W mediach pojawiły się informacje o tym, że Piotr Zieliński narzeka na uraz po spotkaniu z Holandią. Sam piłkarz wypowiedział się na ten temat w rozmowie z Przeglądem Sportowym Onet.
Pomocnik bardzo dobrze zaprezentował się w starciu z "Pomarańczowymi", ale nie dokończył meczu w Hamburgu. Powodem miał być uraz, o czym pisaliśmy TUTAJ. Sam zapewnia jednak, że nie ma się czym martwić.
- Żadnych problemów nie mam. Po prostu czułem już duże zmęczenie w mięśniu dwugłowym. Wcześniej pokazałem, że jeszcze pięć minut, ale w następnej akcji chciałem przyspieszyć i coś poczułem. Wiedziałem, że trzeba zejść, żeby coś się nie stało - powiedział Zieliński.
- Na pewno był to dobry mecz w naszym wykonaniu. Zawiesiliśmy Holendrom wysoko poprzeczkę. Nie wiem, czy się tego spodziewali, czy nie. Widzieli nasze ostatnie spotkania, więc na pewno byli przygotowani na to, że aż tak łatwo nie będzie. Ten mecz to pokazał - ocenił.
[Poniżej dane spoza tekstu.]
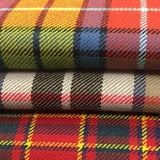 imperial-highland-supplies-scottish-tartan-fabric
- To świetna reprezentacja. Na pewno musieli zostawić sporo zdrowia na boisku, żeby zdobyć te trzy punkty. Jest dużo pozytywów, przed nami jeszcze dwa mecze. Jedna wygrana może dać nam przepustkę do dalszej gry - podkreślił.
Pomocnik reprezentacji Polski w rozmowie z Przeglądem Sportowym Onet podkreślał, że biało-czerwonych stać na wygraną z Austrią. Wierzy w sukces w piątkowym spotkaniu w Berlinie.
- Fajnie funkcjonujemy jako drużyna i uważam, że mamy tyle umiejętności, żeby sobie poradzić z Austriakami czy też z każdą inną reprezentacją. Zdecydowanie stać nas na to. Zrobimy wszystko, żeby tak było - zakończył.